Kudüs
İsrail’de son 3,5 yılda 5’inci kez yapılan erken seçimde, eski başbakan ve muhalefet lideri Binyamin Netanyahu’nun başını çektiği sağ blok, 120 sandalyeli İsrail Meclisi'ne 64 milletvekili göndererek açık bir zafer kazandı.
Bu sonuçlara göre, Netanyahu liderliğindeki blokta yer alan aşırıcı-ırkçı Dini Siyonizm ve “Yahudi Gücü” partilerinin oluşturduğu liste, 14 milletvekiliyle yarışı üçüncü bitirdi. Filistinlilere yönelik ırkçı ve ayrımcı söylemleri nedeniyle eleştirilen bu partilerinin yeni hükümette söz sahibi olması bekleniyor.
Mevcut Başbakan Yair Lapid’in öncülük ettiği koalisyon hükümeti, birbirinden farklı çok sayıda partiyi barındıran ve ülkenin siyasi tarihinde ilk kez Arap partilerini de içine alan koalisyon durumundayken, Netanyahu’nun seçime birlikte girerek zafer kazanan sağ bloku ise yalnızca Ultra-Ortodoks Yahudi (Haredi) dini partiler ve aşırı sağcı partilerden oluşuyor.

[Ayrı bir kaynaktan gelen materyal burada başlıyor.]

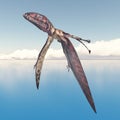 Pterosaur Dimorphodon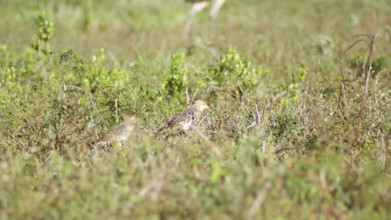 Anu-white, Guira Cuckoo, Guira guira, Pantanal, Mato Grosso do Sul, Brazil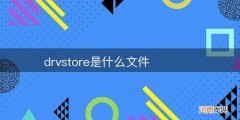 drvstore是什么文件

İsrail böylelikle bu seçimler sonucunda, ülkenin siyasi tarihinde, en fazla çeşitlilik barındıran koalisyon hükümetinden en sağcı koalisyon hükümetine geçmiş oldu.
İsrail’de yükselişe geçen ırkçı politikacı: Itamar Ben-Gvir
Dini Siyonizm ile birlikte seçimlerden üçüncü büyük parti olarak çıkan “Yahudi Gücü” partisinin merkezinde, seçim sonrasında kutlamalarda Araplara karşı ırkçı sloganlar eşliğinde, danslarla sevinç gösterileri düzenlendi.
Yahudi Gücü lideri Itamar Ben-Gvir isminin, Netanyahu’nun kuracağı bir koalisyon hükümetinde yer alması olasılığı endişe yaratıyor.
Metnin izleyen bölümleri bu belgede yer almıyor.